*** Opening of Records shown ***

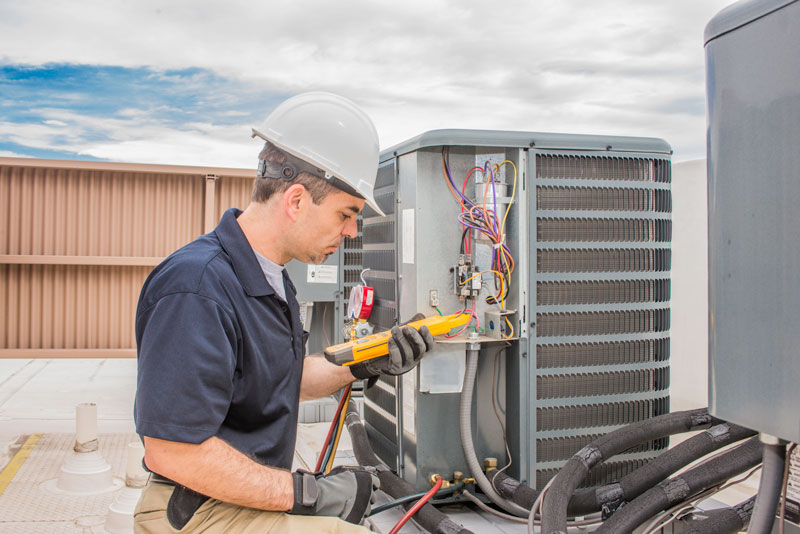 Farbman Group in Southfield has created Apex Mechanical Solutions to handle the heating and cooling operations of its properties. // Stock photo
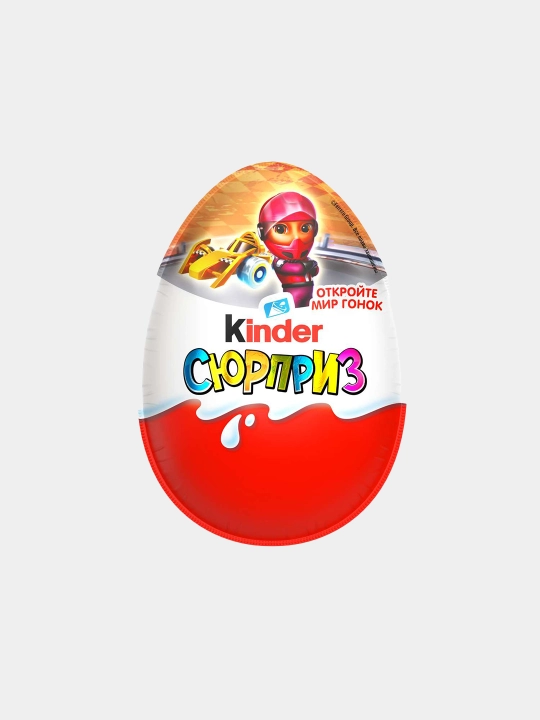 Шоколадное яйцо Киндер - 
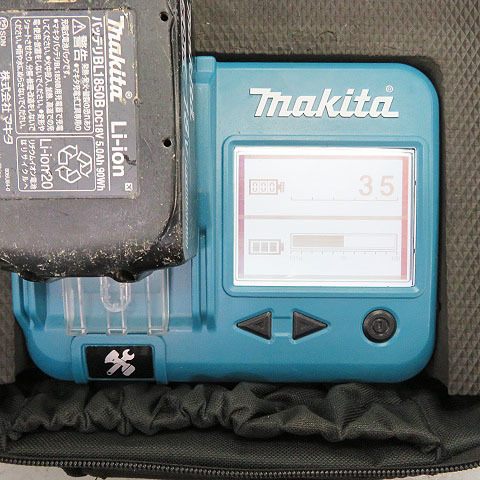マキタ makita BL1850Bの中古 BL1850B 18V 5.0Ah 新品 Makita バッテリー マキタ純正バッテリー １８V ＢＬ１８５０Ｂ リチウムイオンバッテリー 18V5.0Ah純正リチウムイオンバッテリー 18v 013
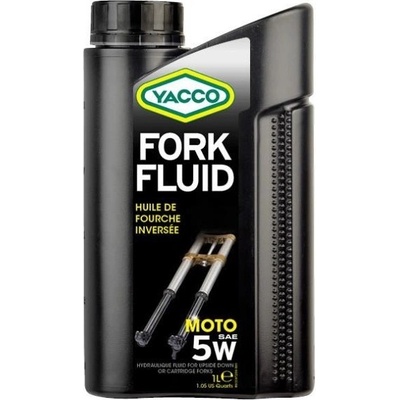 Yacco Fork Fluid SAE 5W 1 l | Zboží Auto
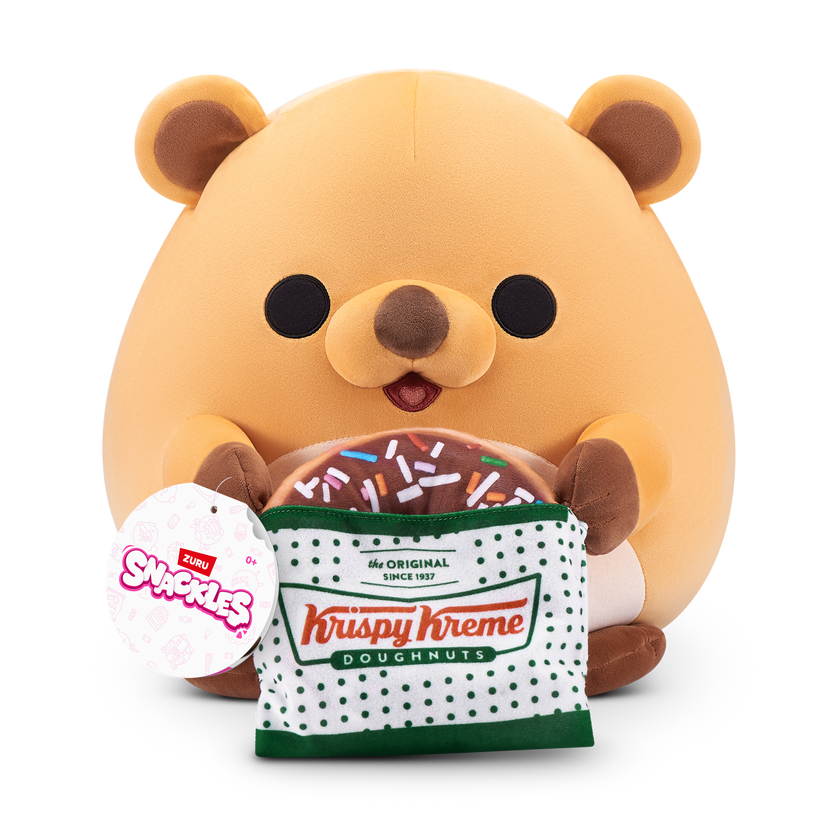 Snackles S3 Core Licensed Plush 8" Endcap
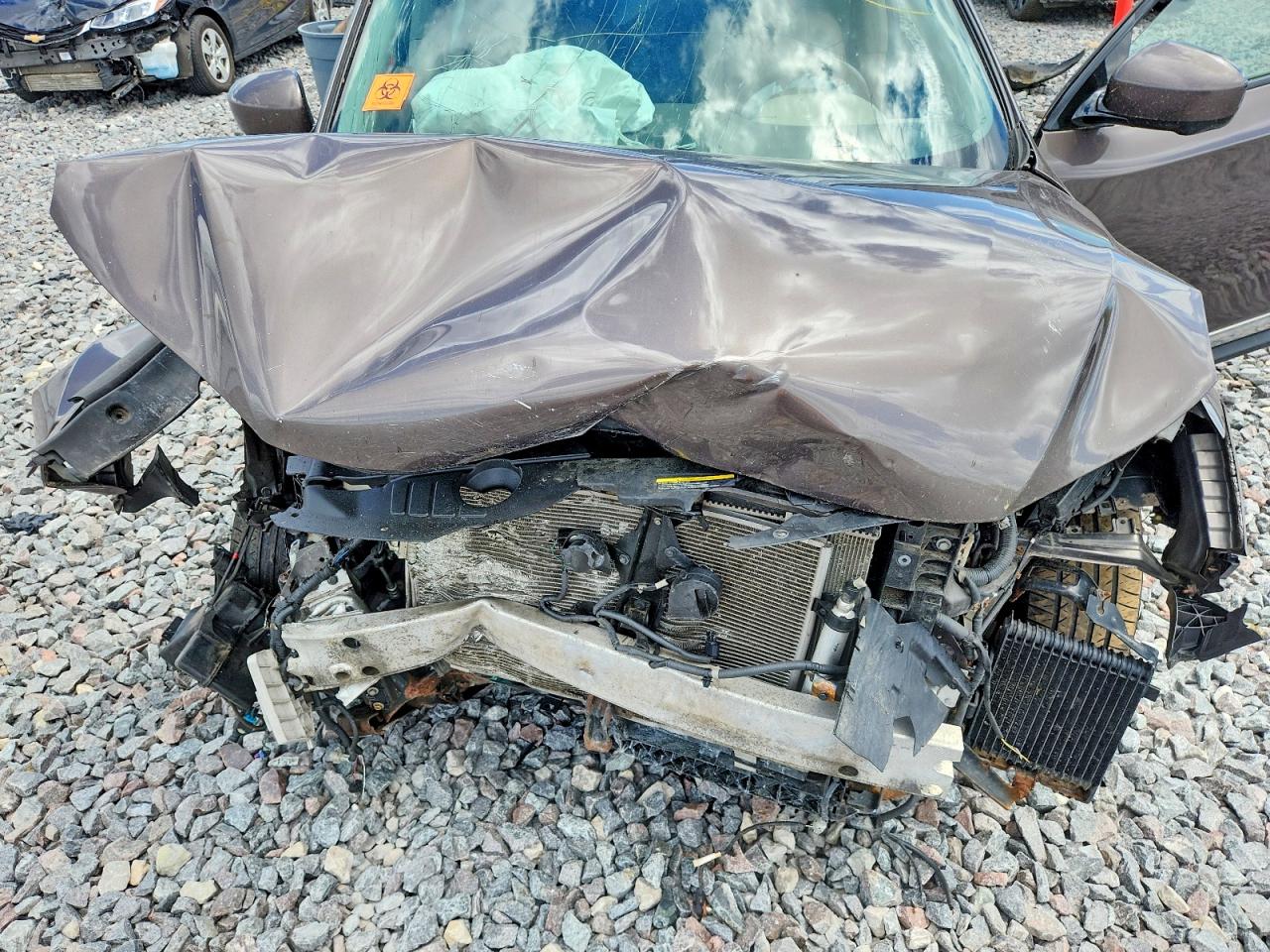 2015 Nissan Pathfinder Sl Коричневый vin: 5N1AR2MM4FC622039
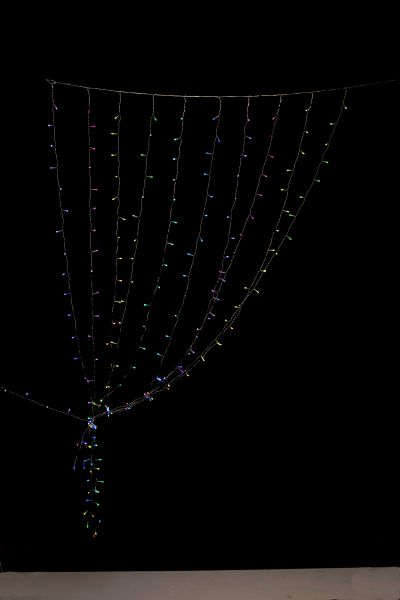 Twinkly Smart LED ó������ Twinkly Curtain RGBW 210, Gen II, IP44, 1.45�*2.1�, ������ �������� TWW210SPP-TEU - �������� 3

*** Close of Records shown ***

▸ **What to work on**
When repeating the entries, leave out every picture and keep the rest exact.

▸ **Reply to the task**
 Farbman Group in Southfield has created Apex Mechanical Solutions to handle the heating and cooling operations of its properties. // Stock photo
 Шоколадное яйцо Киндер - 
マキタ makita BL1850Bの中古 BL1850B 18V 5.0Ah 新品 Makita バッテリー マキタ純正バッテリー １８V ＢＬ１８５０Ｂ リチウムイオンバッテリー 18V5.0Ah純正リチウムイオンバッテリー 18v 013
 Yacco Fork Fluid SAE 5W 1 l | Zboží Auto
 Snackles S3 Core Licensed Plush 8" Endcap
 2015 Nissan Pathfinder Sl Коричневый vin: 5N1AR2MM4FC622039
 Twinkly Smart LED ó������ Twinkly Curtain RGBW 210, Gen II, IP44, 1.45�*2.1�, ������ �������� TWW210SPP-TEU - �������� 3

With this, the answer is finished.